- **TASK TO CARRY OUT**: Two lines in the listing below mark the span: one contains "View of Residential" and one contains "Черный Мерседес ГЛА-Класс, объемом". Reproduce both of them and everything between, exactly.

----------------------------------------

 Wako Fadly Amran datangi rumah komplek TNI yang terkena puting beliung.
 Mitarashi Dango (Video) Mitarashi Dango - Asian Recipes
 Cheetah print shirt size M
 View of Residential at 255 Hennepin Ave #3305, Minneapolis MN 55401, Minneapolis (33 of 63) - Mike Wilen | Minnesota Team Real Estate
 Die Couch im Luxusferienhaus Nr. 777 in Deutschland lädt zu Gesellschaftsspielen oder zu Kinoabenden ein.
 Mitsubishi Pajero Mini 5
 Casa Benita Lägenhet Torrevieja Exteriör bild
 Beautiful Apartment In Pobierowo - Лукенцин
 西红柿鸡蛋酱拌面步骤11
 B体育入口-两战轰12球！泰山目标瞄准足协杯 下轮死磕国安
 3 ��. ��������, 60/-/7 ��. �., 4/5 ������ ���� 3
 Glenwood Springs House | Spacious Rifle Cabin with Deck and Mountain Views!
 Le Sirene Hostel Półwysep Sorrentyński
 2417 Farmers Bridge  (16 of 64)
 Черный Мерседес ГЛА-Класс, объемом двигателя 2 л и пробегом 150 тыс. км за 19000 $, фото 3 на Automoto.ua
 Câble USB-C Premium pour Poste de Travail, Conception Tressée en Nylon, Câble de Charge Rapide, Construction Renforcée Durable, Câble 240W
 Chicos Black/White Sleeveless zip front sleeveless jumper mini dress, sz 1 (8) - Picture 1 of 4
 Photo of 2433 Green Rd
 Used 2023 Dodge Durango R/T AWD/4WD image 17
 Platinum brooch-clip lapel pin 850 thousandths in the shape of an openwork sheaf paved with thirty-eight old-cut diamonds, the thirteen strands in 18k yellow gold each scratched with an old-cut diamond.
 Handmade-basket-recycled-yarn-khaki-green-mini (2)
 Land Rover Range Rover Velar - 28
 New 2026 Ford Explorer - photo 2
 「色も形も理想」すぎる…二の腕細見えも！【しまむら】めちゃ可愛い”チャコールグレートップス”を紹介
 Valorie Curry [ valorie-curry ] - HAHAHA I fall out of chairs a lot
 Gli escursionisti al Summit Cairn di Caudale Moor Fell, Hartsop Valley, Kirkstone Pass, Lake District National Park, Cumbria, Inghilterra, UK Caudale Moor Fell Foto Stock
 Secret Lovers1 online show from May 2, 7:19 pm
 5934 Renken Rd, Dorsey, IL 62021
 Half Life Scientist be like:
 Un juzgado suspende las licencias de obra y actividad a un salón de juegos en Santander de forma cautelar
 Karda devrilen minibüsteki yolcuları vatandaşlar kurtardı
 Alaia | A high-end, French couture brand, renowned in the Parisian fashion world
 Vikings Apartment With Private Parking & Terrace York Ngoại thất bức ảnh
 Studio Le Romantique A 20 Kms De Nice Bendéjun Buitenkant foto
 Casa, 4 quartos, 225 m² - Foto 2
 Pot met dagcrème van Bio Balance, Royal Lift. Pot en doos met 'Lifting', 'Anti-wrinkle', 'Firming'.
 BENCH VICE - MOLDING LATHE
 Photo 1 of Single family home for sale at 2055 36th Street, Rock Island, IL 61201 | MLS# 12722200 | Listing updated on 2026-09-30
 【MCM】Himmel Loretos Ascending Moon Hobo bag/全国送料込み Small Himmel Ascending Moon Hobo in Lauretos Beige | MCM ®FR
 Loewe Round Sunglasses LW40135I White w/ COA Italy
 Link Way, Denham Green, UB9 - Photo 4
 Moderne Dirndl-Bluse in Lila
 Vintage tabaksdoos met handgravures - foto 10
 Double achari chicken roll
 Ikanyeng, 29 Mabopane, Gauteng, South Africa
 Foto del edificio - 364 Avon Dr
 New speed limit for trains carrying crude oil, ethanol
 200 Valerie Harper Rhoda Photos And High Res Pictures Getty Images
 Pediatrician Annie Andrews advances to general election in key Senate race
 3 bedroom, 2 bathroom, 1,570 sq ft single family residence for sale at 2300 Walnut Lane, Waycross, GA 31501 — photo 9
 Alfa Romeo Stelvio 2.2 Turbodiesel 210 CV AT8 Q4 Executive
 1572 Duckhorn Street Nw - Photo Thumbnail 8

----------------------------------------

- **ANSWER FOR THE TASK**:
 View of Residential at 255 Hennepin Ave #3305, Minneapolis MN 55401, Minneapolis (33 of 63) - Mike Wilen | Minnesota Team Real Estate
 Die Couch im Luxusferienhaus Nr. 777 in Deutschland lädt zu Gesellschaftsspielen oder zu Kinoabenden ein.
 Mitsubishi Pajero Mini 5
 Casa Benita Lägenhet Torrevieja Exteriör bild
 Beautiful Apartment In Pobierowo - Лукенцин
 西红柿鸡蛋酱拌面步骤11
 B体育入口-两战轰12球！泰山目标瞄准足协杯 下轮死磕国安
 3 ��. ��������, 60/-/7 ��. �., 4/5 ������ ���� 3
 Glenwood Springs House | Spacious Rifle Cabin with Deck and Mountain Views!
 Le Sirene Hostel Półwysep Sorrentyński
 2417 Farmers Bridge  (16 of 64)
 Черный Мерседес ГЛА-Класс, объемом двигателя 2 л и пробегом 150 тыс. км за 19000 $, фото 3 на Automoto.ua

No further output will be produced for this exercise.